What the exercise asks: Quote the listing in full, exactly as given, minus any pictures.

Supplied material:
====
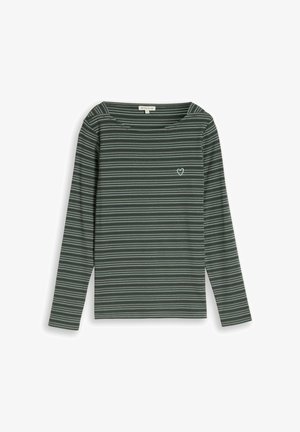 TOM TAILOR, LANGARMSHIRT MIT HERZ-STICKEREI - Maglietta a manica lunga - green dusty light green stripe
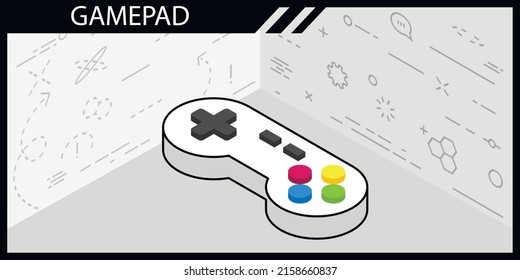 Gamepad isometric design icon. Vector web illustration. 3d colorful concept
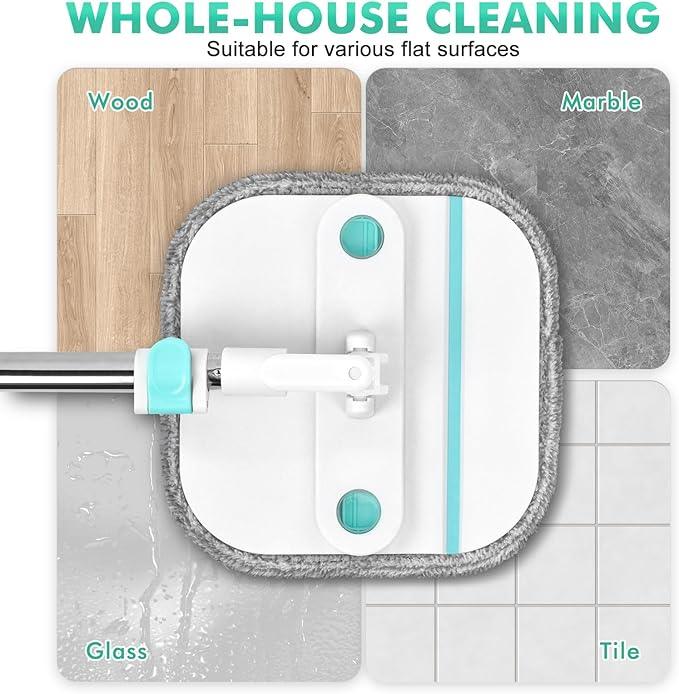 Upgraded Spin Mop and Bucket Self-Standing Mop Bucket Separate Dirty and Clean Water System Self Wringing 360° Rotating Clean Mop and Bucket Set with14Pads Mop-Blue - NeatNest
====
Answer space:
 TOM TAILOR, LANGARMSHIRT MIT HERZ-STICKEREI - Maglietta a manica lunga - green dusty light green stripe
 Gamepad isometric design icon. Vector web illustration. 3d colorful concept
 Upgraded Spin Mop and Bucket Self-Standing Mop Bucket Separate Dirty and Clean Water System Self Wringing 360° Rotating Clean Mop and Bucket Set with14Pads Mop-Blue - NeatNest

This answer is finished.